:: Information given

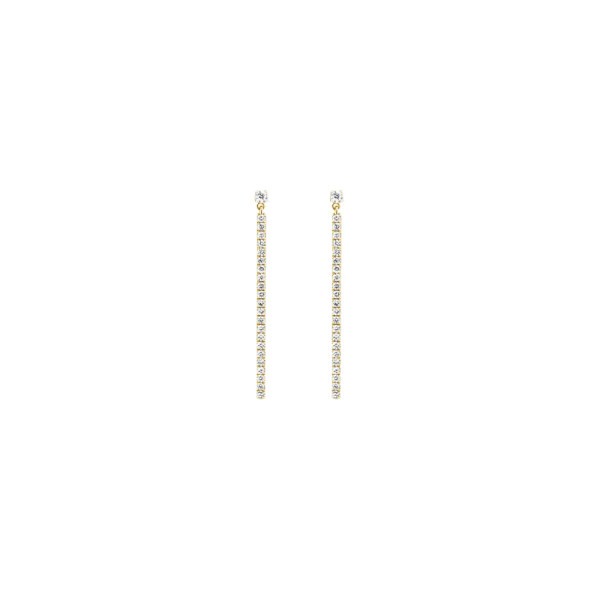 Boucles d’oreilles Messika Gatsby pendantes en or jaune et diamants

::::
:: Information given

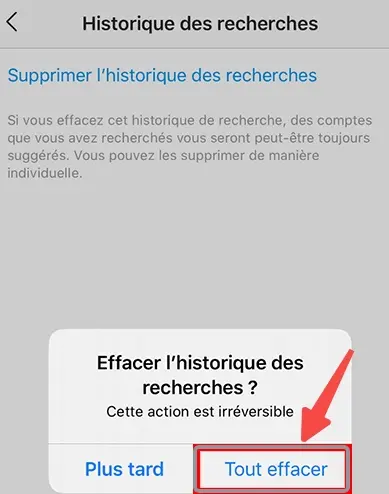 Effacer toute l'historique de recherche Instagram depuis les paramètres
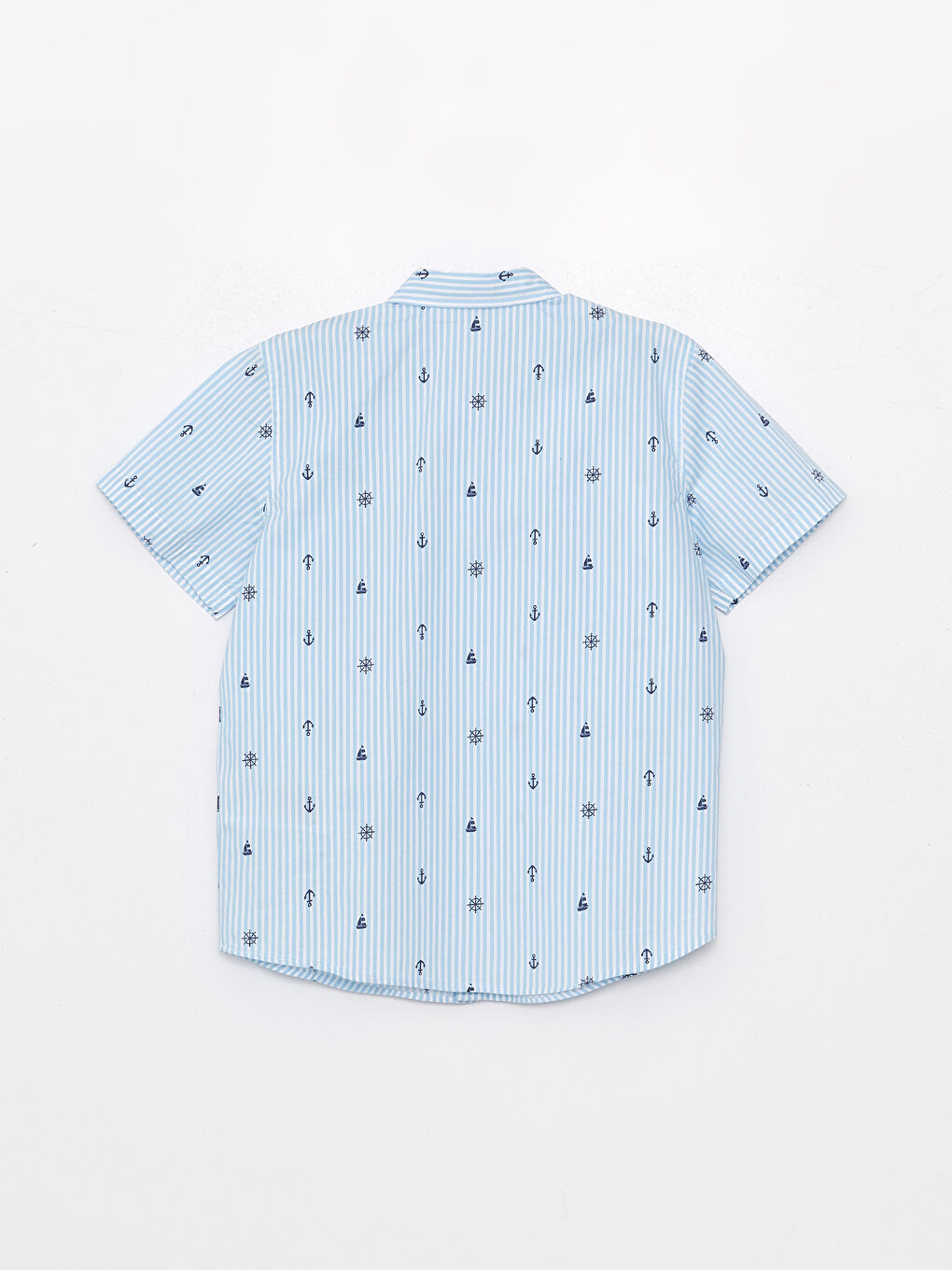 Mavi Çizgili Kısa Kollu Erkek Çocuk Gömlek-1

::::

▶ Task prompt
Write out exactly the lines above between the one with "Effacer toute l'historique" and the one with "Mavi Çizgili Kısa Kollu Erkek Çocuk Gömlek-1", inclusive, with pictures left out.

▶ Exercise output
 Effacer toute l'historique de recherche Instagram depuis les paramètres
 Mavi Çizgili Kısa Kollu Erkek Çocuk Gömlek-1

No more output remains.